きちんと並べられていないが、1打目に園田が選んだのは、ターツになっている【2ソウ】

あとから【1ソウ】を鳴きやすくするための工夫だ。

すぐに寿人から【1ソウ】が切られたので、これはポン。相手からすれば【1ソウ】【1ソウ】【2ソウ】からいきなり【2ソウ】を切っていることが見え、明らかに変だと分かる。タンヤオも消え、役牌がらみでなければ何らかの手役を狙っていることが明白。

続いて【7ソウ】ポンと、軽快に仕掛けていく。園田としては、【發】が使えれば役がつくのでOK、トイトイに仕上がればなおのこと良し。

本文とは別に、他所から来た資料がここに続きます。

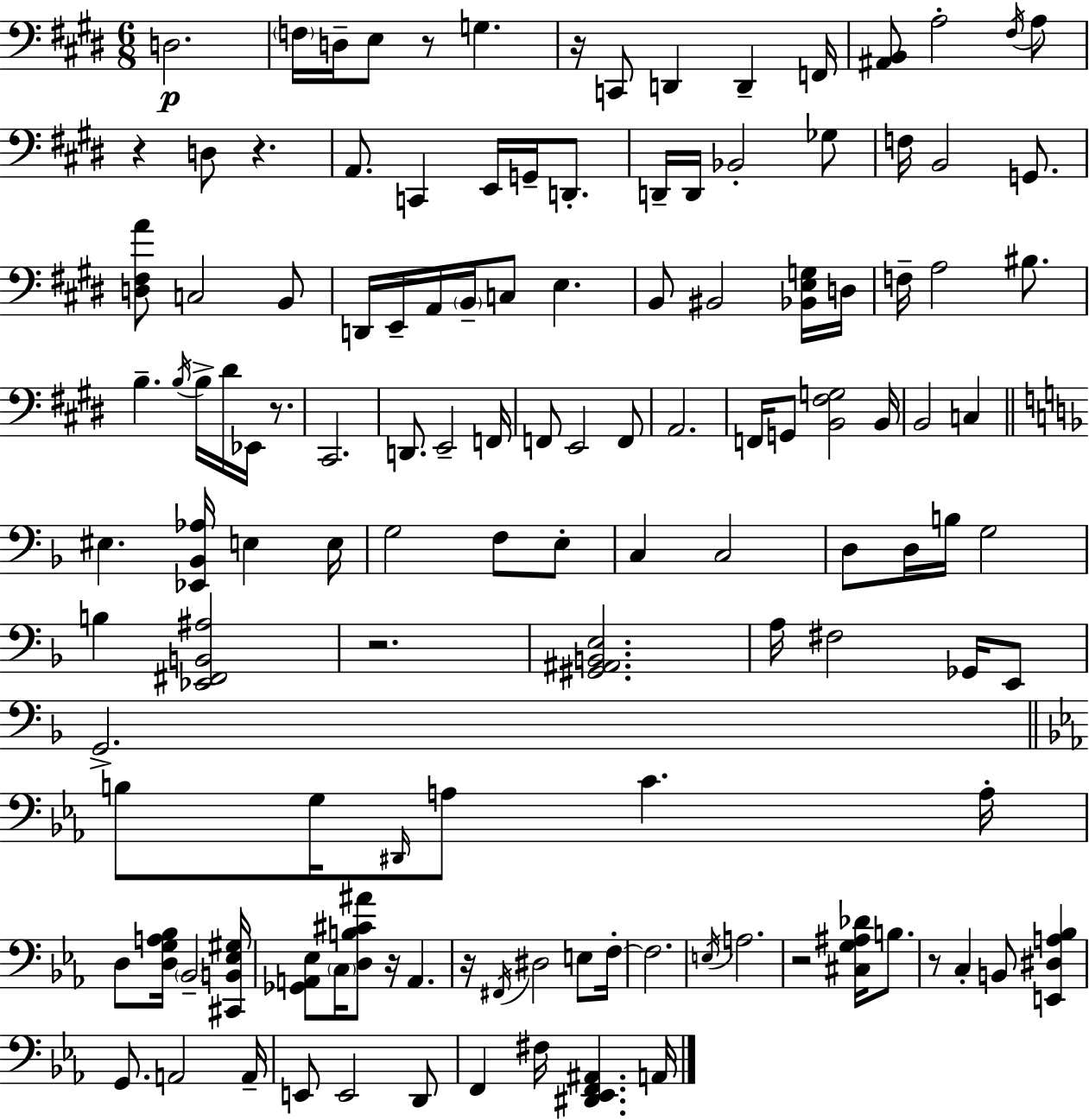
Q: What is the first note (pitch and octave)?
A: D3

【3ソウ】が重なって1シャンテン、受け入れが広いのはもちろん【白】切りだが、園田は【5ソウ】を切った。親の園田の仕掛けにたいして各者は役牌を切りたくないが、ここで【白】を手から見せてしまうと、役牌の候補が限定されてしまう。現時点では【東】【南】【白】【發】の役牌4種が場に見えておらず、相手の選択肢を狭めないことで、字牌選択で【發】が選ばれる可能性を少しでも高めようという算段だ。

次巡のツモは【3ソウ】、テンパったので【白】は勝負。【發】は鳴きたい牌ではあったが、なんとロン牌になった。

園田を警戒したか、寿人は【發】を引っ張ってしまっていた。そして、園田がテンパイしたタイミングで【1ピン】を引き、受け入れが広がる。劣勢でドラドラの手牌、これ以上絞っている余裕はない。

園田の【發】トイトイ、7700。同じアガリができる人が、どれだけいるだろうか。園田オリジナルと言いたくなるような1局は、配牌からの構想力が秀逸だった。

麻雀打ちの方であれば、自分が会心のアガリを決めた後には良い手が入る、という印象はないだろうか。もちろんそれは錯覚だが、現実として次局の園田の手は赤赤のチャンス手。ツモもいい。園田曰く「これは完全に俺のターンだ」

しかし、好事魔多し。

先にテンパイしたのは白鳥、チートイツ【4ソウ】待ちに構えてダマテンとする。もちろんこれが最終形ではなく、もっといい待ちに変えてリーチの構想だろう。優や寿人からの出アガリでは園田をまくれないので、2人からは見逃すつもりだったそうだ。

園田が【3ピン】を引き、手の形がさらに良くなる。